THOMAS SLIGHT JR (Also known as Slight, Tamsabam, The Sly, Tommy, The Bear) - Founding father of the band & responsible for the name. Plays laserbeam lead guitar solos when he can be arsed, in charge of plugging cables into the correct sockets and any other technical issues that may arise.
STEVEN SMALL (Also known as Smally, Smallywheelies, Stevie, Stevo, Steve, Ste) - OK, so as I'm writing this I'm going to try and keep it as realistic & low-key as I can. In a nutshell though, I'm the band's creative mastermind. Write virtually all of the songs, play them on any instrument I can find - acoustic guitar, moothie, maracas, keyboard are my favourite weapons of choice - lyrics scribbled on the back of scrap pieces of paper in 5 mins. Just want to write one truly great song and then I can quit for good. (I've lost count of the number of times I've quit The Wheelies...).
ALI WRIGHT(Also known as Aliwheelie, Tin Pan, The Sparrow, and "that guy from that band" that I can't quite remember right now, but it'll come to me...) Bass player, design and tech guru, and writes the "occasional line from the occasional song". Solo album under the title "!" seems to have been getting written since forever - I think he started it back in 1998, deals with issues like Cannibalism, drinking Irn Bru, and vaguely racist conspiracy theories. Ocean Colour Scene.
CRAIG MOYES (Also known as Moppy, Mo, Maurice, Hen Broon, Rodney) Now playing guitar with up and coming Glasgow band THE PEOPLE who are hopefully going to take the world by storm, thus giving The Wheelies back catalogue some monetary worth in the process. Hard as he might try to get away from it, he remains to this day the talismanic figurehead and most photogenic member of The Wheelies. Back in the day he was like the odd-job man of the band - rhythm and lead guitar, bongos, keyboard, black bullets, whistling, reading a weird story at double speed... if there was a dirty job needing done, then Moppy was your man.

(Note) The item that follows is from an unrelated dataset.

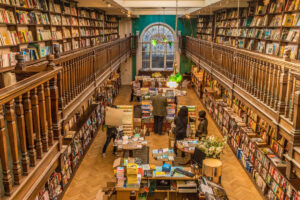 Inside of a London bookstore with an upper floor and wooden railings and bookshelves lining the walls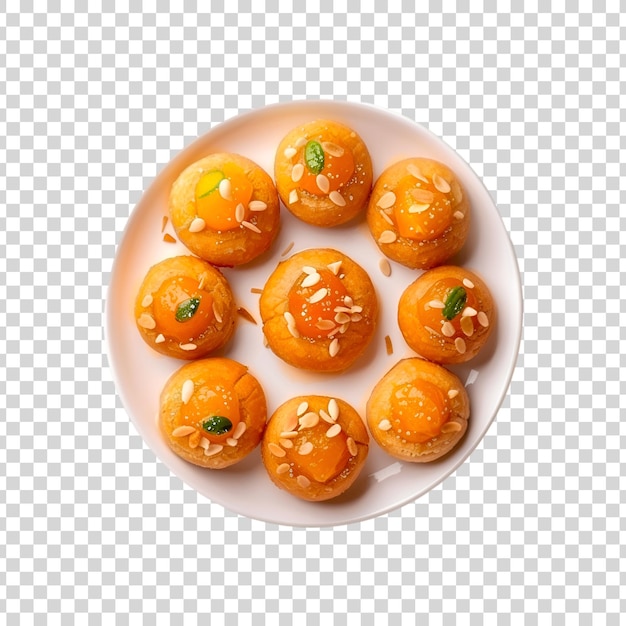 A plate of Indian sweets on a transparent background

MARTIN GILLANDERS(Also known as Martino, Franco, Jose, Gillandrez) Most recent official addition to the band, although he's been making music with us since 1997. Cack-handed guitar, vocals, cartwheels, shaking his head at songs that go over 3 minutes, denying his Divit past. It's unquestionable that getting him into the band has added a touch of real class to the whole outfit. Only he still doesn't know that he's in the band. If you see him, then please don't tell him - he'll run a fucking mile.
(Sometimes/You're So Gone/Falling/Ask Papa/#6/Lovesong/Moppy's Song For Nobody)
"Freewheelin" (1995)
(Light Up Or Leave Me Alone/The Blue/Freewheelin'/The Bill & Etta Blues/Sweet Jane/If Only I Were With Her Now)
"The Grassmarket Recordings" EP (1996)
(She Loves Liverpool/The Yahs/Give Peace A Chance/Spaceman)
"Rubba Kola" (1996)
(Introducing The Weedcatz/Maurice MacKay (intro)/The Rock & The Shirt/Little Bobby Balding/Ring The Bells/Interview 1/Oh Yeah/Maurice MacKay (chorus)/I Love You/Suzanne Speaks)
"The Wild Lettuce Recordings" (1996)
(I Guess You've Got To Be A Believer, Maybe We're Amazed, Pictures From An Upside Down World, Wild Lettuce)
"Simple Songs For Complicated People" (1997)
(Intro/Morning Star/Right Here, Right Now/Gonna Be Alright/As Mad As Me/Johnny Walkingstick/Open Door/In The Corner Of An Empty Room/Kaliedoscope/Stick Around/From A Paper Mountain/Find A Little Love/Psychedelic Blues/Today/Time To Go/Coda)
"These Are The Songs..." (1998)
(Some Stars Fade So Fast/Melody Man/This Is Gav's Sexual Confessions/The Doodle)
"The Shite Album" (2004)
"Oh Happiness" (2006)
(When, Stand On Me, Dharma Wheel, There She Goes Again (Again), Hold My Hand, Tumbling Down, It Doesn't Have To Be Perfect To Be Perfect, I Slept In & Missed The Revolution, Kick Me When I'm Down, Scrub The World, Further, If You Only Knew, Blowing Me To You, Oh Happiness, Anybody's Guess, Song To You, This Time, Thanks For The Ride)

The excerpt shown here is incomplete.